BEGIN EXERCISE DATA

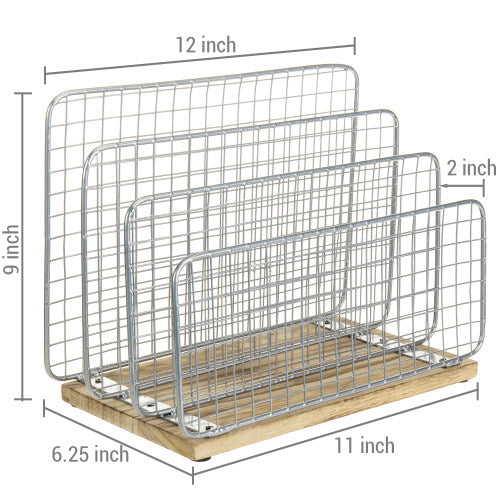 Rustic Brown Burnt Wood & Silver Metal Wire Document/Mail Organizer-MyGift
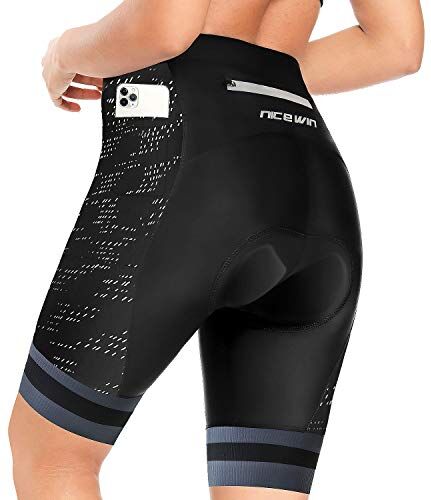 NICEWIN Pantaloncini da Ciclismo Donna Pantaloncini Ciclismo Donna Pantaloni Bici Donna Sportivi 3D Gel Imbottiti Asciugatura Rapida per MTB Mutande Bicicletta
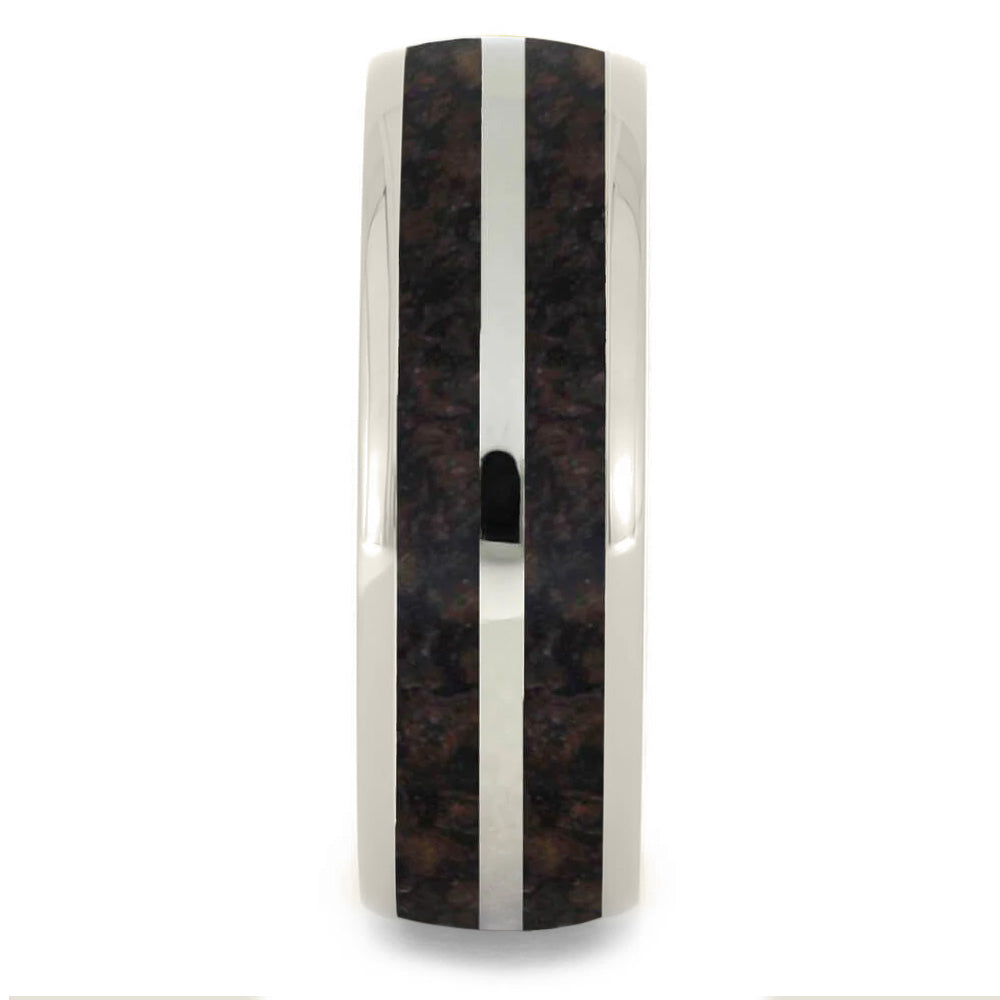 Solid Gold and Dinosaur Bone Ring for Man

END EXERCISE DATA

**PROBLEM DETAILS**
Without the pictures, write out every line above exactly as it appears.

**SOLUTION TO THIS EXERCISE**
 Rustic Brown Burnt Wood & Silver Metal Wire Document/Mail Organizer-MyGift
 NICEWIN Pantaloncini da Ciclismo Donna Pantaloncini Ciclismo Donna Pantaloni Bici Donna Sportivi 3D Gel Imbottiti Asciugatura Rapida per MTB Mutande Bicicletta
 Solid Gold and Dinosaur Bone Ring for Man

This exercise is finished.